EXERCISE DATA:
+ + + +
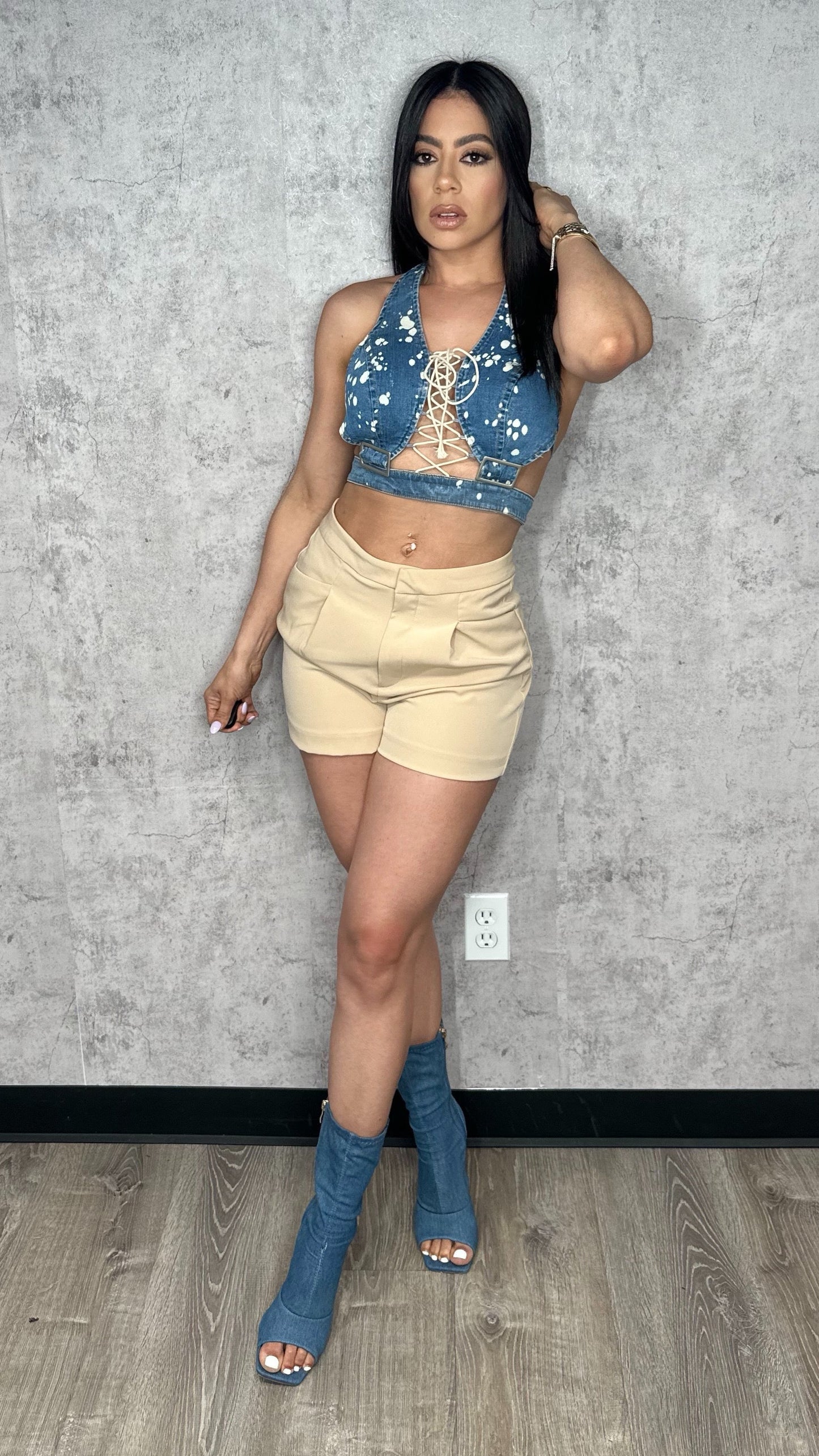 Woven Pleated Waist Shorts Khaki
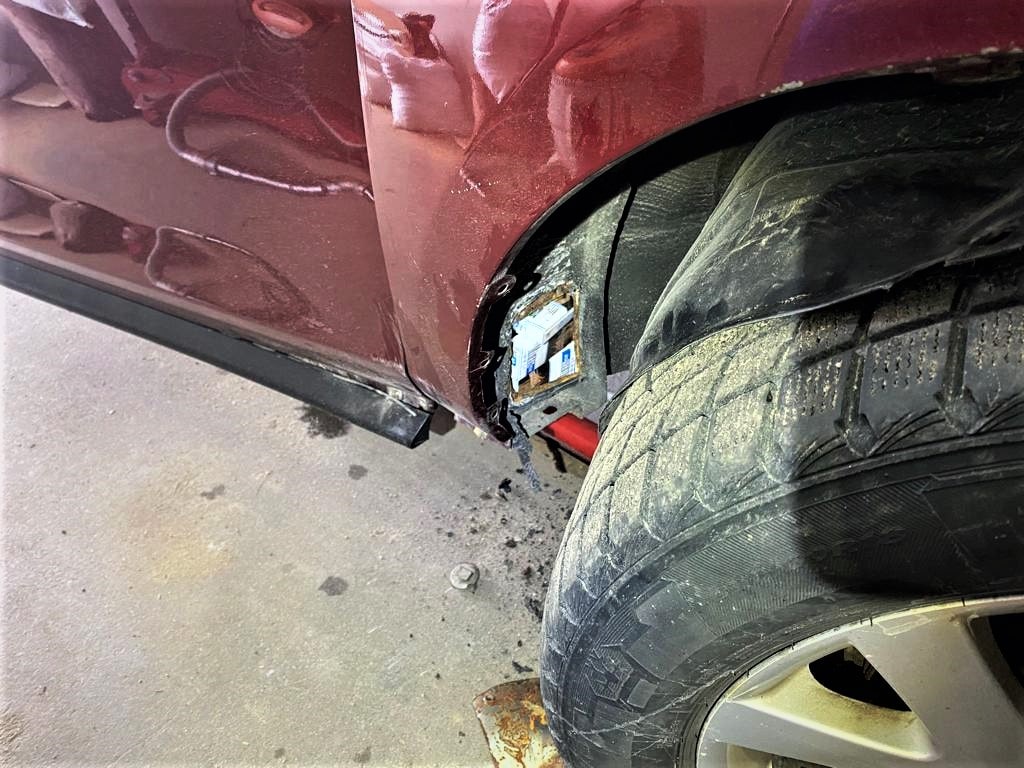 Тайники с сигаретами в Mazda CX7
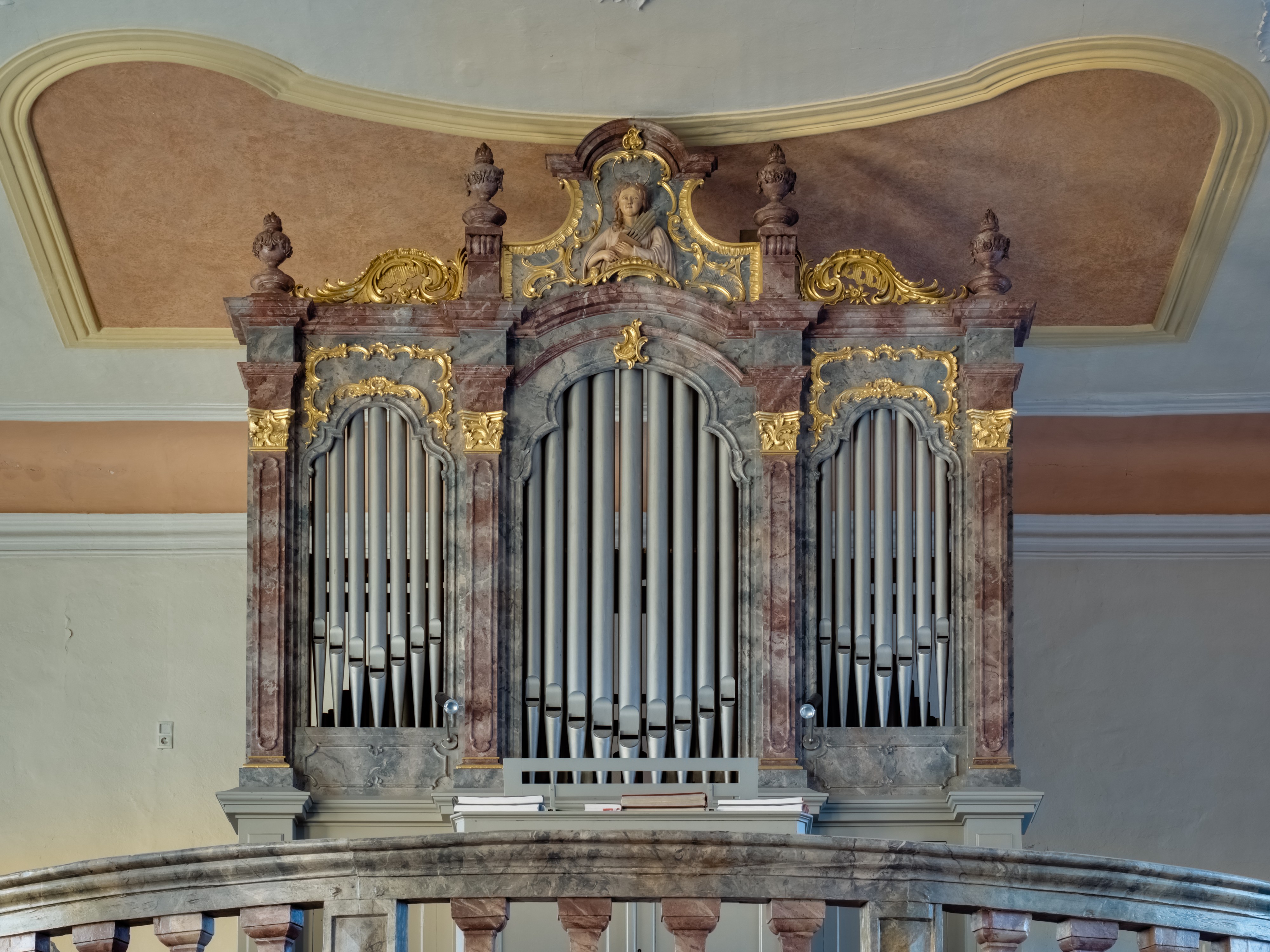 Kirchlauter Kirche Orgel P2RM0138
+ + + +
PROBLEM DESCRIPTION:
Give back the whole listing exactly as it stands. Drop every picture.

PROBLEM SOLUTION:
 Woven Pleated Waist Shorts Khaki
 Тайники с сигаретами в Mazda CX7
 Kirchlauter Kirche Orgel P2RM0138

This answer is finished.